Before his demise in 2017, Yang informed Han that he lived so others would bear in mind the victims of organic warfare. Han promised the aged man that he would proceed telling their tales.

He has since taken tens of 1000’s of pictures, donating them to public archives in Quzhou and Yiwu, a close-by metropolis in Zhejiang. His work has appeared in exhibitions at dwelling and overseas.

In 2018, “Accusation” was shortlisted on the a hundred and twenty fifth Toronto International Salon of Photography, a recognition Han believed mattered much less for status than for worldwide acknowledgment of a little-known chapter of the warfare.

Han’s lens in 2014 turned to a different wartime narrative, the “Doolittle Raid” and the Chinese civilians who rescued American airmen after their planes crash-landed in 1942. Of the 75 U.S. crew members, most survived with native assist, whereas Chinese communities paid a devastating value in Japanese reprisals, as many locals suspected of sheltering the Americans have been tortured or slaughtered by Japanese forces.

“For Americans, it’s a heroic mission,” Han stated. “But the Chinese cost is rarely remembered.”

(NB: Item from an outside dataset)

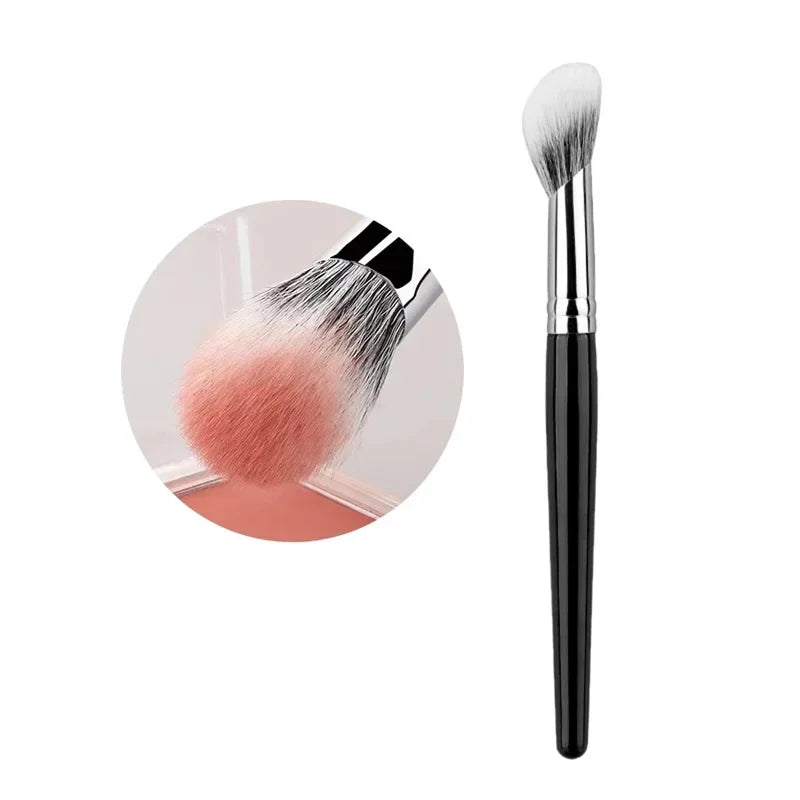 1/2PCS Peach Heart Blusher Brush Lille flad Præcis børste til pulver, fløde og flydende rødme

Working with Zheng Weiyong, a financial institution worker with a long-standing curiosity in uncovering the historical past of the “Doolittle Raid,” Han traced crash websites, interviewed aged villagers and documented commemorations.

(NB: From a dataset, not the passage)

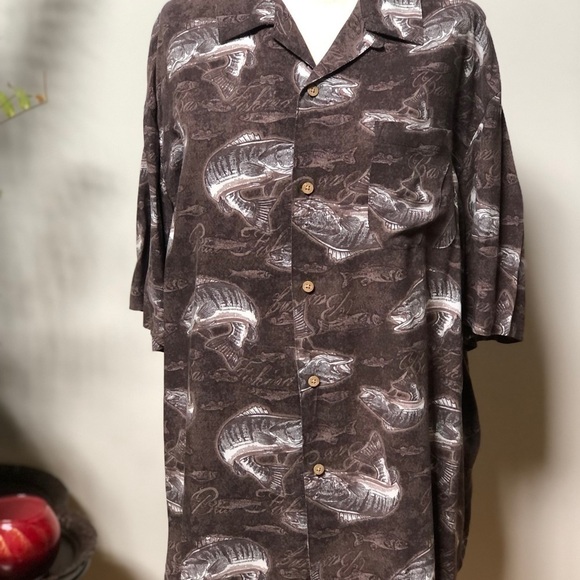 Puritan collared button down shirt with fish large mouth Bass size Large 42 - 44 - Picture 1 of 9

His pictures seize moments of remembrance like American descendants visiting villages, amassing soil from touchdown websites, and embracing households whose dad and mom as soon as took care of overseas airmen. These photographs, now utilized in people-to-people exchanges between China and the United States, inform “a friendship forged in war.”

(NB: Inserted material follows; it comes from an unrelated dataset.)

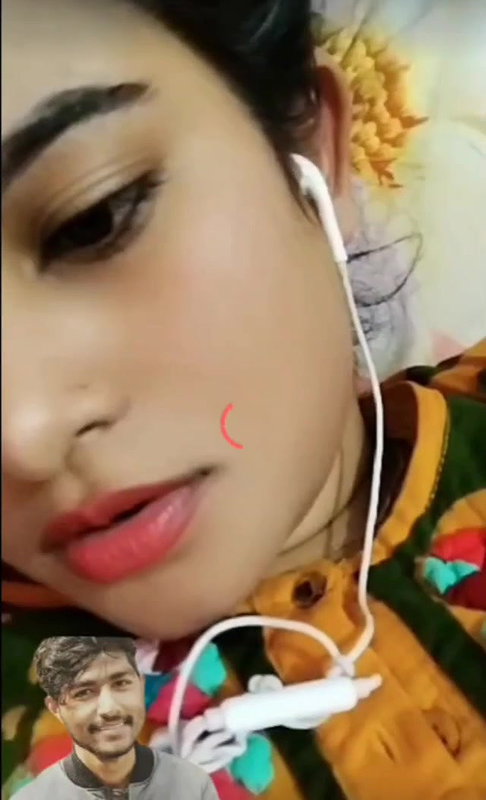 Desi Girl Showing Boobs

Han sees pictures as a type of historic testimony. At exhibitions, he usually quizzes guests about that historical past. Most reply vaguely. He responds by pointing to the pictures.

“These images are evidence,” he stated.

Looking forward, Han plans to doc tales alongside the WWII “Hump Route,” the Himalayan air hall used to provide China through the warfare, the place tons of of plane have been misplaced.

“Each crash hides untold stories of Chinese villagers rescuing American crews,” he stated. “This history is fragmented. I want to piece it together, using my knowledge of flight to unearth these overlooked details.”

As the world marks 80 years because the finish of WWII, Han continues his work, satisfied that pictures can protect what time erodes, capturing each struggling and sacrifice in addition to the bonds that join folks throughout borders.